Under the burdens of proof and production in
STAA proceedings, Complainant first must make a prima facie
showing that statutorily-protected activity motivated
Respondent's decision to take adverse employment action. In
particular, Complainant must show that he engaged in protected
activity, that he was subject to adverse action, and that
Respondent was aware of the protected activity when it took the
adverse action. Complainant also must present evidence sufficient
to raise the inference that the protected activity was the likely
reason for the adverse action. See Roadway Exp. Inc. v.
Brock, 830 F.2d 179, 181 n.6 (llth Cir. 1987). Under the
STAA, an employee is protected if he "refuse[es] to operate
a vehicle when such operation constitutes a violation of any
Federal . . . regulations . . . applicable to commercial motor
vehicle safety . . . ." 49 U.S.C. app. § 2305(b).
Complainant made a prima facie showing.
Complainant is employed as a driver of commercial motor vehicles.
From Monday through Wednesday of each workweek, he drives local
runs in the Cincinnati, Ohio area. On Thursdays and Fridays, he
drives the long distance run between Cincinnati and Michigan. T.
66-69. On Tuesday, December 12, he was assigned to drive locally.
He refused that assignment because he had been instructed to rest
for 24 hours following the onset of debilitating physical
symptoms and because he had been given tranquilizing medication.
Operation of a commercial motor vehicle is prohibited "while
the driver's ability or alertness is so impaired, or so likely to
become impaired, through fatigue, illness, or any other cause, as
to make it unsafe for him to begin or continue to operate the
motor vehicle." 49 C.F.R. § 392.3. Drivers also are
prohibited from being "on duty" while under the
influence of certain enumerated drugs and substances, e.g.,
amphetamines, narcotic drugs, and "[a]ny other substance, to
a degree which renders the driver incapable of safely operating a
motor vehicle." 49 C.F.R. § 392.4(a)(4). See 49
C.F.R. § 395.2 defining on duty time to include driving
time. The hospital's directive that Complainant should not drive
and that he should rest for 24 hours and consult a cardiologist
for follow-up monitoring is compelling evidence of Complainant's
incapacity. I find that Complainant would have violated the above
regulations had he reported to work on December 12 and that his
refusal to work constituted protected activity.
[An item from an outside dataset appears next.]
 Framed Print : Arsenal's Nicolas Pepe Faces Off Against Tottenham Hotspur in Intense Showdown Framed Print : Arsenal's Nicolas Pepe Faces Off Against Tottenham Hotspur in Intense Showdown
The remaining elements of a prima facie
showing also are present. Respondent unquestionably knew about
Complainant's protected activity, T. 48, 72-73, 79-81,
148-150, 193-194, when it took the adverse actions of classifying
Complainant's absence as an "incident" and issuing him
a "verbal warning." Under Respondent's absenteeism
policy, both actions advance an employee on the disciplinary
track and thus are "adverse."5 It is uncontroverted
that Respondent disciplined Complainant because he refused to
report to work and to perform his driving assignments on December
12.
Respondent may rebut Complainant's prima
facie showing by articulating a legitimate motivation for
the adverse action. Here, Respondent argues that it disciplined
Complainant because he "allowed himself to run afoul of its
[absenteeism] policy." Resp. Br. at 6. This articulation
does not suffice. Texas Dept. of Community Affairs v.
Burdine, 450 U.S. 248, 255 (1981) (rebutting evidence must
raise genuine issue of fact; explanation must be legally
sufficient to justify judgment for defending party). Complainant
"ran afoul" of Respondent's policy because
he engaged in protected activity. A "legitimate"
motivation is by definition a legal one. Webster's New World
Dictionary 772 (3d College ed.). Respondent's resolve to punish
employees who refuse to violate DOT regulations is not a
"legitimate" motivation.
Independent statutory rights "cannot be
abridged by contract or otherwise waived . . . ."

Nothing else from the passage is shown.